During the halcyon days of late August, October 20th seems some months distant. But Public Expenditure (PE) Day, when the Comprehensive Spending Review outcome is announced, will have momentous consequences for the economy.
Indeed, PE Day on 20th October may well be compared with two other infamous days in UK financial history – 13th October 2008, when the £37 billion bank bail-out was announced as Royal Bank of Scotland (RBS), unbelievably, came close to total collapse; and Black Wednesday on 16th September 1993 when the UK was humiliatingly ejected from the Exchange Rate Mechanism (ERM).

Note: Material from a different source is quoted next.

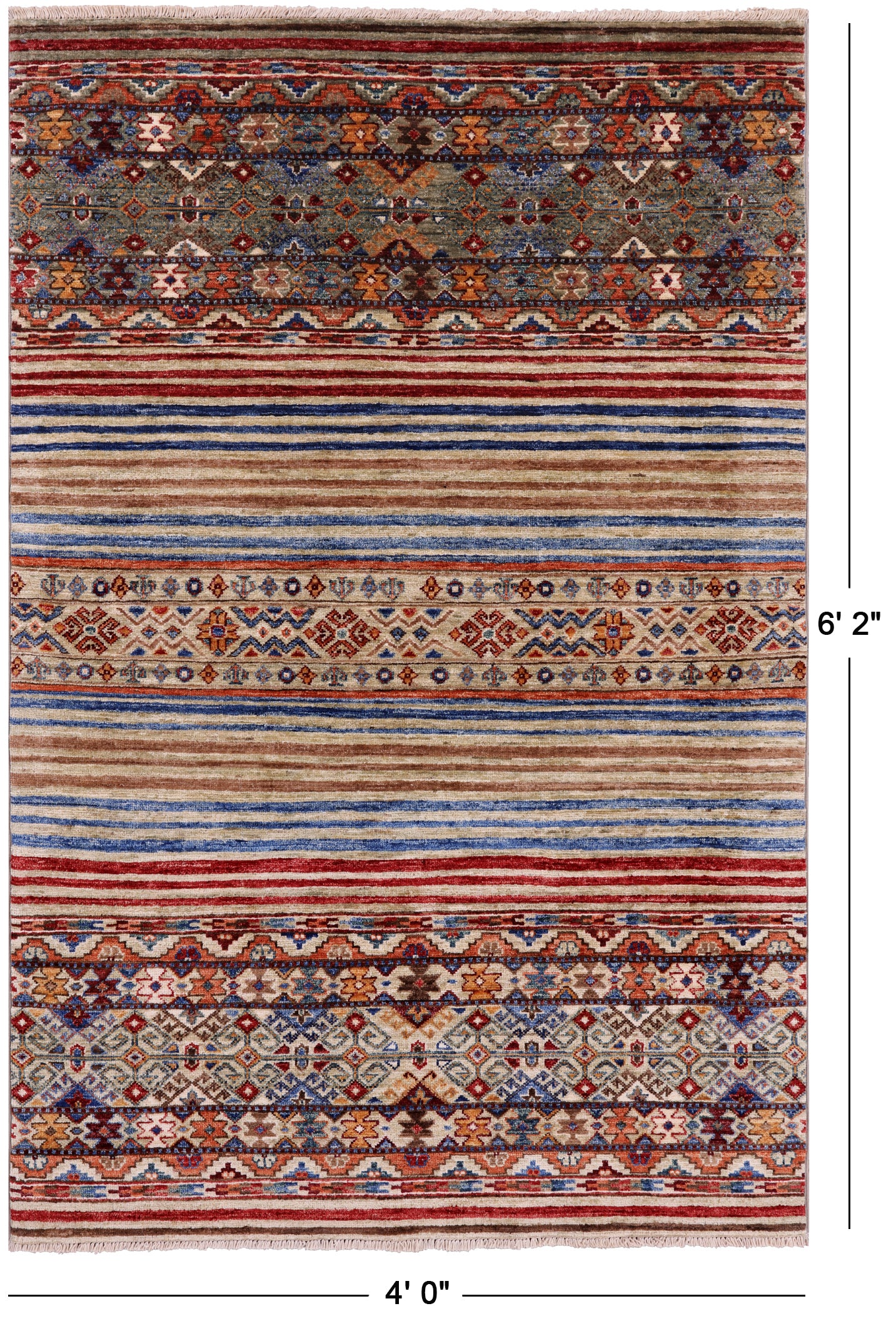 Khorjin Persian Gabbeh Handmade Wool Rug - 4' 0" X 6' 2" - Golden Nile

Yet, there seems to be little general understanding about the forthcoming budgetary cuts, which will be wide-ranging, controversial – and probably vicious.
Encouragingly, since the last Budget, gilt yields have fallen – both bringing down borrowing costs and reassuring foreign lenders. When the Coalition was established, the benchmark 10-year gilt yield was 3.9%; it is now just over 3%.
Although widespread spending cuts are inevitable, their impact is less clear. As outlined in the recent ASI publication, The Party is Over, most of the savings should be demanded from the big five spending departments.
Currently, social security cuts are being widely debated. A shrinkage policy, as outlined in last week’s blog, is the best option.
Although the Coalition has ring-fenced the NHS from cuts, much-needed administrative savings are already underway.
In terms of education, capital expenditure savings have recently been confirmed – and generated controversy following the shambolic nature of their announcement.
Proposed defence cuts are generating savage service in-fighting: it seems probable that the RAF will suffer badly. New aircraft orders will be cancelled and bases closed: the Navy will also have to cut back sharply.
Local Authorities, too, are under real pressure to cut back on their many excesses.
But will the Coalition survive the political fall-out from PE Day?